In a statement released on Monday, May 2nd, the U.S. Anti-Doping Agency (USADA) announced weightlifter Daniel Lehr has accepted a four-year competition sanction for a positive doping text. From USADA:

Lehr, 31, tested positive for the prohibited substances 1-androstenedione and its metabolite 5α-androst-1-ene-3α-ol-17-one, and ostarine and its metabolite o-desphenylostarine, as a result of an in-competition urine sample he provided on August 15, 2015, at the USA Weightlifting National Championships in Dallas, Texas.

Lehr finished 11th at Nationals in 2015, first in the B Group of the men’s 94 kg category.

Daniel Lehr

Danny Lehr, from a California Strength video posted in 2014

Lehr’s sanction period starts from the date of the positive test and runs for nearly four years; the sanction was reduced by three months (from the original four years) due to Lehr’s timely cooperation with USADA.

Danny Lehr’s sanction may come as a surprise to many in the American weightlifting community. He’s a well-known entrepreneur, the co-owner and co-founder of apparel brand Caffeine and Kilos, co-owner of CrossFit Excel in Manteca, and a member of the California Strength weightlifting team. He’s a frequent presence in California Strength’s YouTube videos, and he also runs The Lifting Fix, a weightlifting technique resource.

On May 4, after announcement of his sanction was posted on Reddit, Lehr responded with a lengthy description of events he claims led him to unknowingly ingest the aforementioned substances before the competition. Excerpts of his response below; his full description can be found at the above link:

Just prior to warming up on competition day I asked a fellow competitor if they had any creatine I could use, as I was in the habit of taking creatine and BCAA’s before training. They obliged, and gave me a yellow pill that I believed to be CON-CRET creatine (encapsulated creatine pills). I asked a second time; “this is creatine?” The athlete said “yeah.” […]

I do not blame USADA, I do not blame the other athlete. […]

I am guilty of taking a product without knowing exactly what it was. That was an irresponsible decision that will forever tarnish my reputation.
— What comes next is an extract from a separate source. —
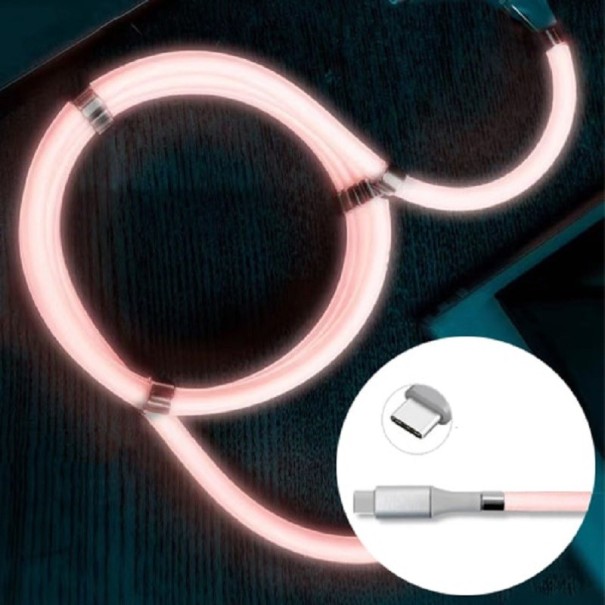 Adatokkal megvilágított USB - Micro USB / USB-C kábel mágnesekkel rózsaszín 2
I will serve my sanction, as the product was in my body. I apologize to to everyone I have let down; my family, my teammates, my business partners, my fellow athletes, and the athletes I coach who look up to me.

We don’t have information above and beyond what’s been made available through USADA, and we have no reason to believe or disbelieve his statements made on Reddit. Whatever the reality of circumstances leading to Lehr’s positive result, and whether or not the positive test came from a supplement he claims he borrowed, an important reminder to all competitive athletes: 

Know what’s in your supplements before taking them, and don’t assume something’s clean because it may be implied by the name or even product description. When in doubt, lean toward caution instead of a new or readily-available supplement. And maybe don’t borrow one, even from a fellow competitor. (Again, we have no other information suggesting Lehr did or did not borrow a supplement that led to his positive test.)